-----------------------------------------------------------
This is an automatically generated e-mail. To reply, visit:
https://reviews.apache.org/r/6377/#review12210
-----------------------------------------------------------
Sorry for taking so long for me to get back to this. I read through the code
again, and I figured out what was throwing me off the first time. The way this
is structured, there is a polling check-and-sleep mechanism built into the
SpoolingFileLineReader, causing it to block, as well as a start/stop mechanism.
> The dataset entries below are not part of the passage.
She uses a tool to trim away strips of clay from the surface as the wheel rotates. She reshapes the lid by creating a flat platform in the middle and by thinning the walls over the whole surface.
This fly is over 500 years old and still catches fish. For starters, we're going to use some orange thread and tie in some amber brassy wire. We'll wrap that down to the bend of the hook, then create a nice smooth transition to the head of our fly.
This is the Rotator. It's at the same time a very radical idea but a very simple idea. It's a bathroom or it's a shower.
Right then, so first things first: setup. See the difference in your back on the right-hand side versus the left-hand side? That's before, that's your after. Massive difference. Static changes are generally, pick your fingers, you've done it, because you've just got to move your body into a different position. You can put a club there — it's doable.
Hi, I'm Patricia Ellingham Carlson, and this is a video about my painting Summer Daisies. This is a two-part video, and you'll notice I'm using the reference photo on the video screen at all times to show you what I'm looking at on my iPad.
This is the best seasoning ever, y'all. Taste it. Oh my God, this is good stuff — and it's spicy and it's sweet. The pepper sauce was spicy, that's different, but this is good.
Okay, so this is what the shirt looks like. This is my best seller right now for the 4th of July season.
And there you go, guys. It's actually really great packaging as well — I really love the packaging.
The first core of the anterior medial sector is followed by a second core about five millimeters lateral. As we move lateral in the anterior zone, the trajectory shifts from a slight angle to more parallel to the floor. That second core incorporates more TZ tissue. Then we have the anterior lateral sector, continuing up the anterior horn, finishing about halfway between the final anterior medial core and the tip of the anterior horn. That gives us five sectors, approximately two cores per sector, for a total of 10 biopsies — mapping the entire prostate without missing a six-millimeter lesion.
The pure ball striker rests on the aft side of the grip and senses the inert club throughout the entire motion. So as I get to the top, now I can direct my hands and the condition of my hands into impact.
This makes the SpoolingFileLineReader pretty complicated and, in my opinion, a
bit tricky to understand. I think it would be great to refactor this code so
that the looping mechanism was done via
ScheduledExecutorService.scheduleWithFixedDelay at the top level of the Source
and/or Client (actually, an Executor is already there in the Source), allowing
the SpoolingFileLineReader to focus more on reading files and less on
maintaining state. This should also remove the need for the
ReaderStoppedException.
Another thing to consider is error conditions. What happens if processEvents()
throws a ChannelException? This can happen if the channel is full. In that
case, we should back off a bit, and then retry pushing the same events on the
next run. Along the same vein, we should not roll a file until we are certain
all events have successfully been committed to a channel.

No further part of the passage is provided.